America is facing an international challenge to its intellectual assets and proprietary
information. The challenge stems from the economic competition currently dominating the
global economy. This competition is an element of international relationships not likely
to change in the future. The question is broader than efforts by traditional adversaries
to avail themselves of the latest military technology. Historic allies engage in
systematic efforts to enhance their economic viability at the expense of American
This paper attempts to place the actions of foreign governments utilizing intelligence
assets to illicitly acquire US corporate research and development in perspective. This
activity has a detrimental effect on the national security of the US. The historical
definition of "National Security" requires reevaluation reflecting economic
viability as a true measure of national power.
Existing governmental resources are available at minimal cost to provide proactive
security countermeasures to industry. To be of value the government must afford these
resources to business in a non-burdensome value added manner.
The Challenge Facing Government and Industry
"We are the Federal Bureau of Investigation, not the Federal Bureau of
Prevention." This comment was made at a recent Counterintelligence presentation to US
Government contractors by a Special Agent of the Federal Bureau of Investigation (FBI).
This observation sums up a dilemma currently confronting the Federal Government with
respect to its efforts to protect American high technology, intellectual property, and
pleading edge research and development.

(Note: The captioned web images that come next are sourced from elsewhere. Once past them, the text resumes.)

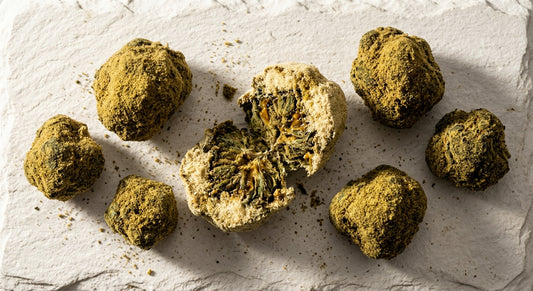 THCA hemp moon rocks flat lay showing kief-coated layers for moon smoking weed guide
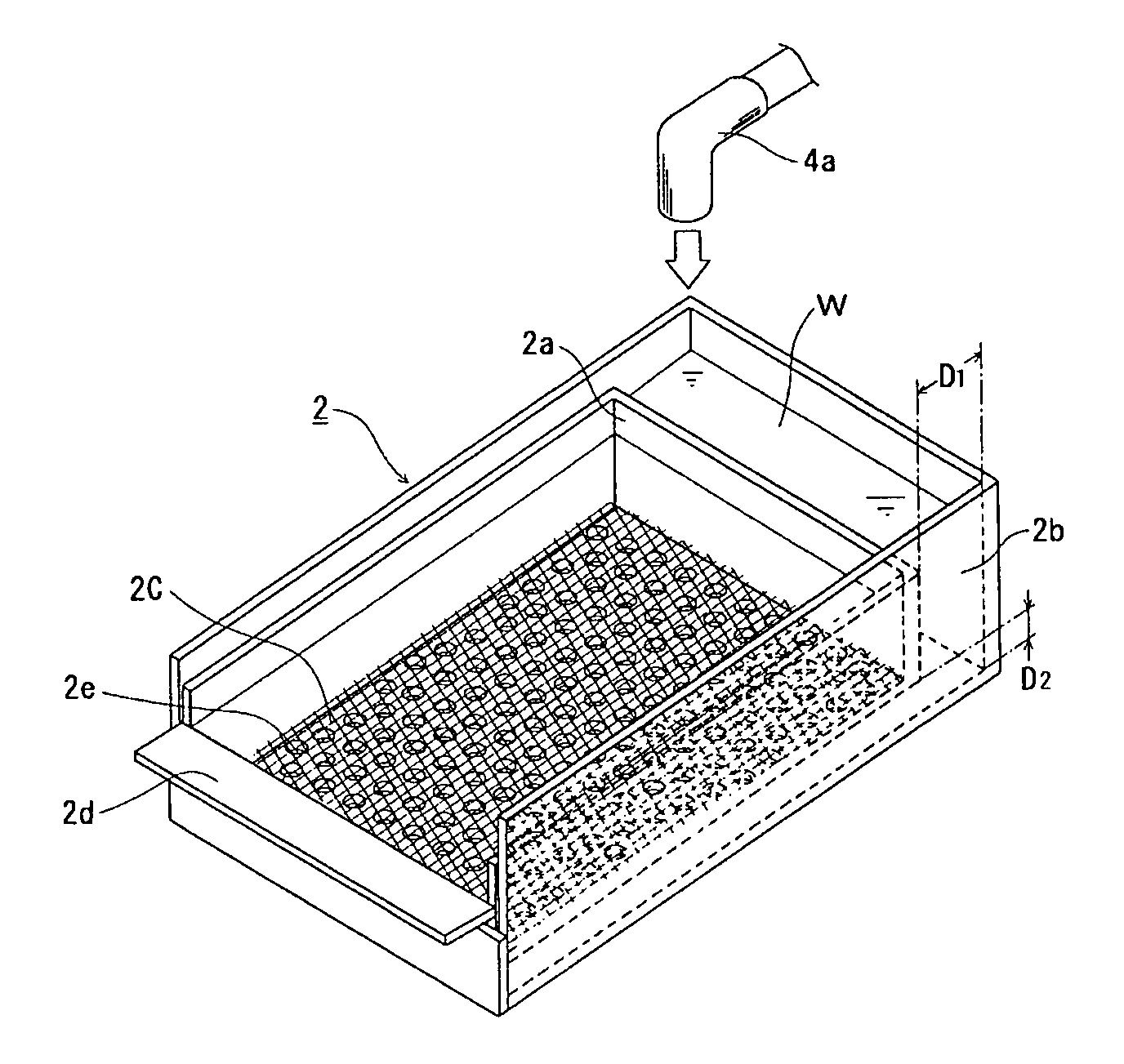 Multi-level aquaculture device for benthic organisms such as bivalves, aquaculture method, and biofilter using same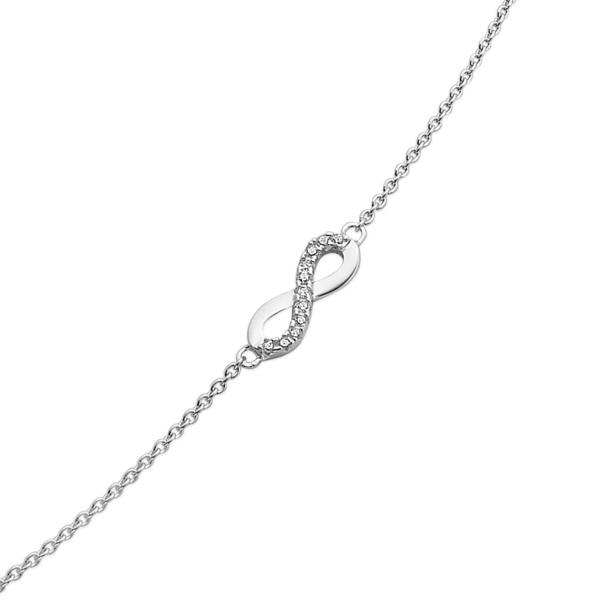 Infinity armband silver evighetsskylt med zirconia på kedja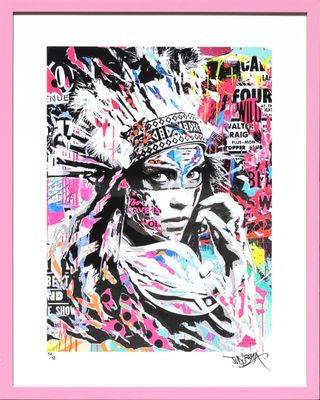 an image of a painting of a woman wearing a headdress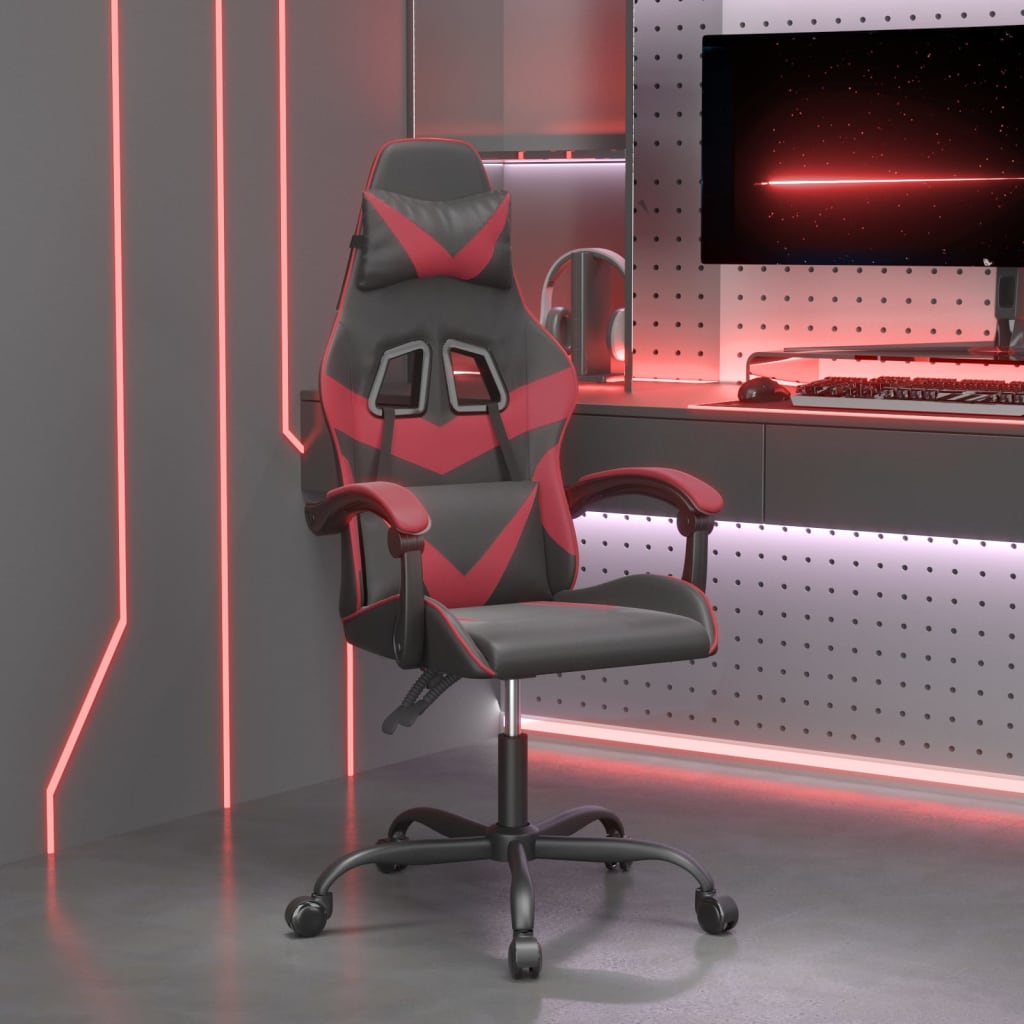Gaming Chair Swivel Black and Burgundy Artificial Leather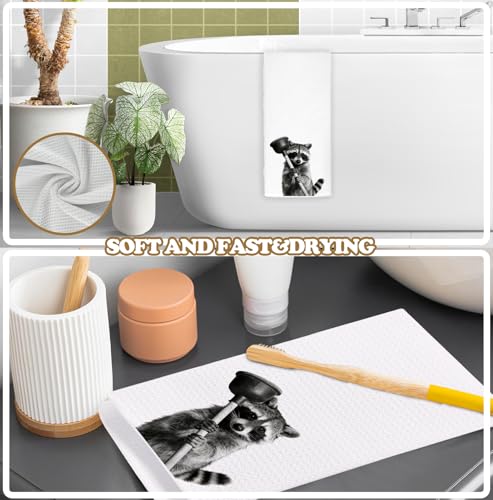 Black and White Raccoon Bathroom Decor,Funny Raccoons Gifts Dish Towels,Trash Panda Hand Towels Drying Cloth for Kids Toddler Bathroom Decor,Raccoon Kitchen Towels, 16x24 Inch - color: Funny-raccoon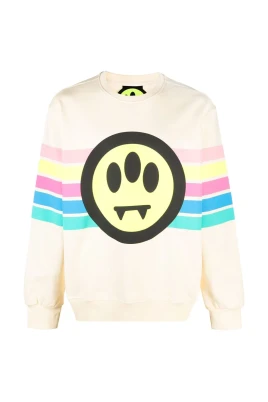 Ribbstickad sweatshirt med logotyp och ränder
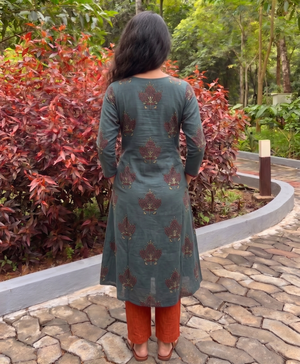 Ajrakh Cotton Y Neck Straight Cut  Kurta with Mirror Work Details & Pockets , Green, KA1049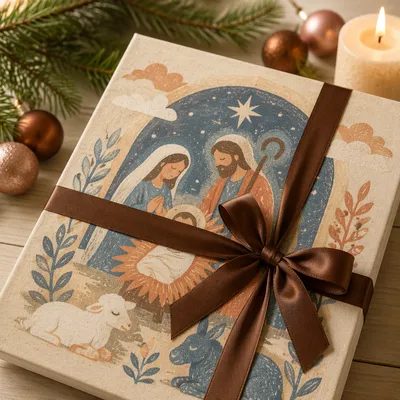 Elegant Ivory Christmas Gift With Brown Ribbon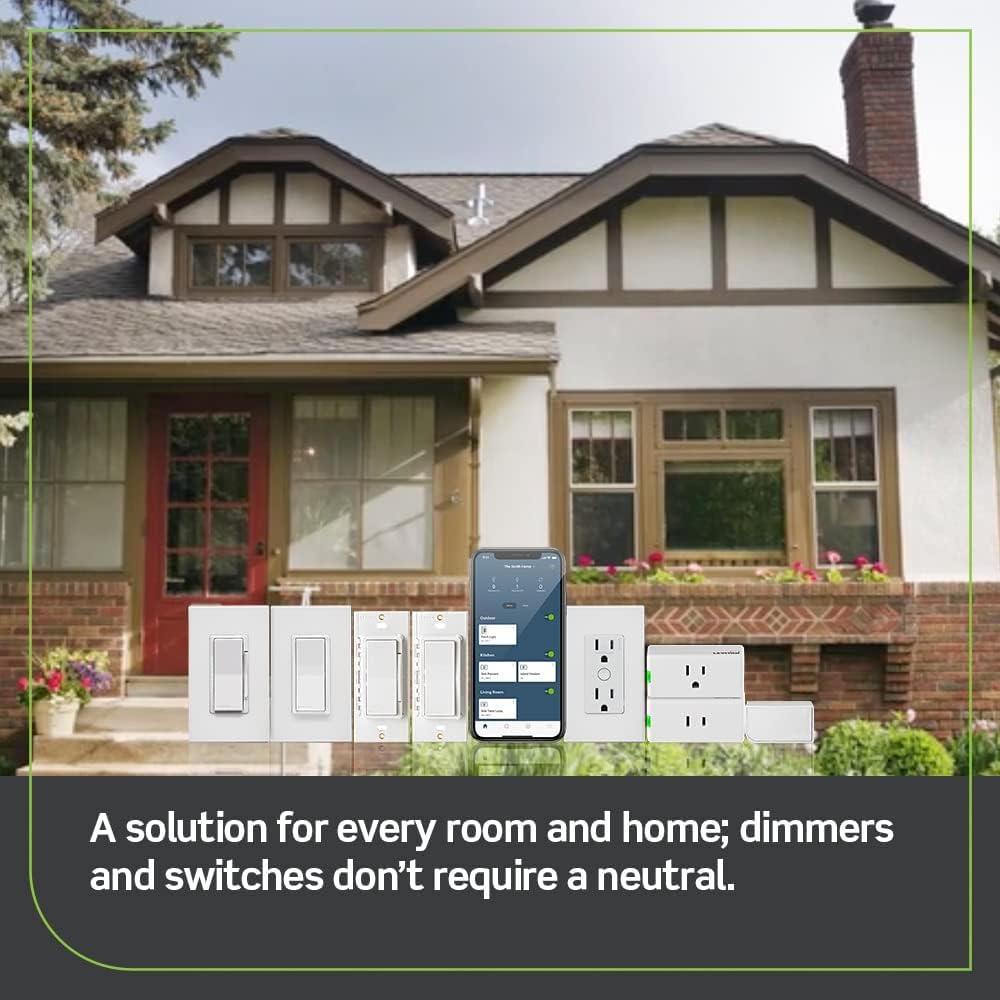Leviton Wi-Fi Bridge for No-Neutral Decora Smart Dimmers and Switches (DN6HD and DN15S), Works with My Leviton, Alexa, Google Assistant, Apple Home/Siri & Wire-Free 3-Way, MLWSB-1RW, White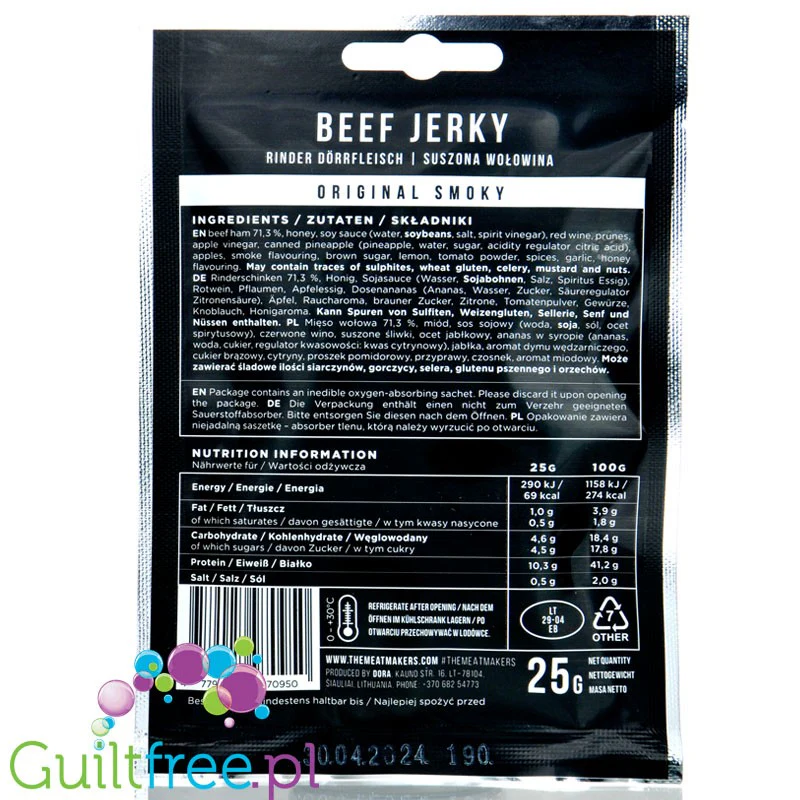 Meat Makers Beef Jerky Original Smoky - wędzona suszona wołowina jerky 10g białka & 69kcal - Image 2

Does the government have a role in
protecting those assets that ensure US military superiority and commercial success?
Where the information to be protected is classified, programs like the National
Industrial Security Program (NISP) are in place to ensure adequate security
countermeasures are present. Assistance is provided to government contractors by the
Defense Investigative Service (DIS) or other government activities as appropriate.
However, a void exists with respect to efforts to provide a similar service for
industrys intellectual property, targeted by Foreign Intelligence Services (FISs).
Large corporations are well aware of the competitive threats to their proprietary
information and implement security countermeasures to safeguard identified assets.
Small to midsize companies lacking professional security staffs are left largely to
their own devices in dealing with this threat to their businesses. You could debate the
effectiveness of these measures but security professionals unanimously agree that if
targeted by a foreign intelligence service corporate resources are inadequate.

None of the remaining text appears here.